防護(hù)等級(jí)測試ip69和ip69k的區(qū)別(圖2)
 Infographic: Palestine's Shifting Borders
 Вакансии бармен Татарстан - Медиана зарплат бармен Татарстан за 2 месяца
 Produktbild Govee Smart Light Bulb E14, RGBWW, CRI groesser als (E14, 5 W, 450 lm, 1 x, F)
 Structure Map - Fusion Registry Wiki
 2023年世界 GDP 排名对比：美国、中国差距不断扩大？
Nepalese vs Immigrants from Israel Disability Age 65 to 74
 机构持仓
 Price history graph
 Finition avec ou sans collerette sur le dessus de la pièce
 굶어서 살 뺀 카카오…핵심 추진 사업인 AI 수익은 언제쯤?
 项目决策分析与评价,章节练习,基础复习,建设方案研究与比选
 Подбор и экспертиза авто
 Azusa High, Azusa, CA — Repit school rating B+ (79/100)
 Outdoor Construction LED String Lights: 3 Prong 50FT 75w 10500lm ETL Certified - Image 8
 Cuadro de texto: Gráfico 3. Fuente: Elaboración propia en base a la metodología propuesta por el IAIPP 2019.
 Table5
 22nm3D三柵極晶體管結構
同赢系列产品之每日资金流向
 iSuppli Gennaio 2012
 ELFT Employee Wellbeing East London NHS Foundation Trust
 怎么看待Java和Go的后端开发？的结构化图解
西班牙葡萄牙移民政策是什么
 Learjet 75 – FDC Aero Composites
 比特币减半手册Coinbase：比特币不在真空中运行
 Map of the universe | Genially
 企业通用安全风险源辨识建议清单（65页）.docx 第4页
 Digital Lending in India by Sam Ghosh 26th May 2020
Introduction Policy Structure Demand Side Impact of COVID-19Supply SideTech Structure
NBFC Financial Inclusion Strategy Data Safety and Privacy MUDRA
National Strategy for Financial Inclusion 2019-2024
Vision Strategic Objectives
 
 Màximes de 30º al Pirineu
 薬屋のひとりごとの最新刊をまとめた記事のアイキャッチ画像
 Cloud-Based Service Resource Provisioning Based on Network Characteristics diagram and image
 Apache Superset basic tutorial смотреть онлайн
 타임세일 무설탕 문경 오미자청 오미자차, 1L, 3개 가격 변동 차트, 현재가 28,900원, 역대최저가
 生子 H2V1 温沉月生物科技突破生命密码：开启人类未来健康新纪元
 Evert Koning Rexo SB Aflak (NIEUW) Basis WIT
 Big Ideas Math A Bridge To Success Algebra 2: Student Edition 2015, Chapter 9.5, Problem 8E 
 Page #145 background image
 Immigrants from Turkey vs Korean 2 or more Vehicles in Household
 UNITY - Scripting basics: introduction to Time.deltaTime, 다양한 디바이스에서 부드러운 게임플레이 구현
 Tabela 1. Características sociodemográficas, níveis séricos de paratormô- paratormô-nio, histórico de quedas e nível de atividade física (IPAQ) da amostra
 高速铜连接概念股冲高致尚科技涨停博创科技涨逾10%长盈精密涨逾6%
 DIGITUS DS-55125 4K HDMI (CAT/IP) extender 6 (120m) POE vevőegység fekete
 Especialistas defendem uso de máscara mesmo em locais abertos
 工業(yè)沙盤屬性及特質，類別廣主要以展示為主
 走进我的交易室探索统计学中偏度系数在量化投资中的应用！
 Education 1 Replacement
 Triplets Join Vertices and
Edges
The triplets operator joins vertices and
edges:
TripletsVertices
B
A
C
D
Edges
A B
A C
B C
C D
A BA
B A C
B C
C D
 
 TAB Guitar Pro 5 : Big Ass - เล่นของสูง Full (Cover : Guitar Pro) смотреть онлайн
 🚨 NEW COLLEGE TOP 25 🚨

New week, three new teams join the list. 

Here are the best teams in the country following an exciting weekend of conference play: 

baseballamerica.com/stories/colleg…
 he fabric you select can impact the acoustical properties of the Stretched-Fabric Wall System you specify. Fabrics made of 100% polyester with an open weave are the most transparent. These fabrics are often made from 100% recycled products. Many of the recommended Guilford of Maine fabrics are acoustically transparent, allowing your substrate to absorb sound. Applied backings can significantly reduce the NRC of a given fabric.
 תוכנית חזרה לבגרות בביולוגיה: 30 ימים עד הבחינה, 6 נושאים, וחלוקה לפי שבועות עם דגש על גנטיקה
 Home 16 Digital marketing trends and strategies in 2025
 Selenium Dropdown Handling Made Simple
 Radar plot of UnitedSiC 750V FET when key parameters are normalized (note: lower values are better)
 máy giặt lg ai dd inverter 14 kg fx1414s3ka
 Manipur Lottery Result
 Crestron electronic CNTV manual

§ **What is expected**
Where a line above holds the word "teams", copy it.

§ **Written reply**
New week, three new teams join the list. 
Here are the best teams in the country following an exciting weekend of conference play: 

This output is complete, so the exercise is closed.